「そりゃあ不健全だぜ、パトリックさんよ」
「不健全なのはお前の頭だ」
 調理器具を並べるパトリックは、苛立たしげにため息をついた。
 コーデリアにお菓子の作り方を教えると約束した放課後の調理室には、なぜかレイモンがいた。そして、なぜかレイモンはコーデリアが来ることも知っていた。
 どこでその情報を仕入れたのかわからないが、パトリックからしたらそんなことはどうでも良い。彼にとって、ただ迷惑ということだけが事実だからだ。
 帰れと言ったところでレイモンが動かないのを十分に理解しているパトリックは、出来るだけ口をきかないように心がけた。が、レイモンはそれを知っていて、彼の神経を逆撫でするような台詞を選ぶ。
「高校生の男女が二人っきりって、ネェ?」
 どうなのよ、とレイモンは意味有り気に笑う。とうとうパトリックは、その脳天に容赦ない拳骨を落とした。
「い゛っ……てぇ!」
「鍋じゃないだけ感謝しろ」
 もっとも、鍋を使わないのは衛生面を配慮したためだが。
 そして、こちらもまた限界がきたらしいレイモンが、頭をさすりながら立ち上がった、その時。
「いた!」
 レイモンの背中に高い声が突き刺さった。何事かと、背後に顔を向ける。その瞬間、レイモンの頬が引きつり、パトリックの口端が上がった。

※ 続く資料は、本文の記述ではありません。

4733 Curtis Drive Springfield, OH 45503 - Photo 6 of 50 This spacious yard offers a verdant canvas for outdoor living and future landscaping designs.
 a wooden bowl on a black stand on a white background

「やっと見つかった……。いろいろと、話したいことがあるのよ」
 扉の前に立っていたのは、コーデリアとラベールだった。

 ラベールから渡されたプリントに目を通して、レイモンは「うげえ」と蛙の潰れたような声を吐いた。
「大会に出ろって?」
 ラベールが持って来たプリントは、彼女が所属する弓道部の大会の案内だった。部に入っていないレイモンに、助っ人のような形で出場しろ、ということだ。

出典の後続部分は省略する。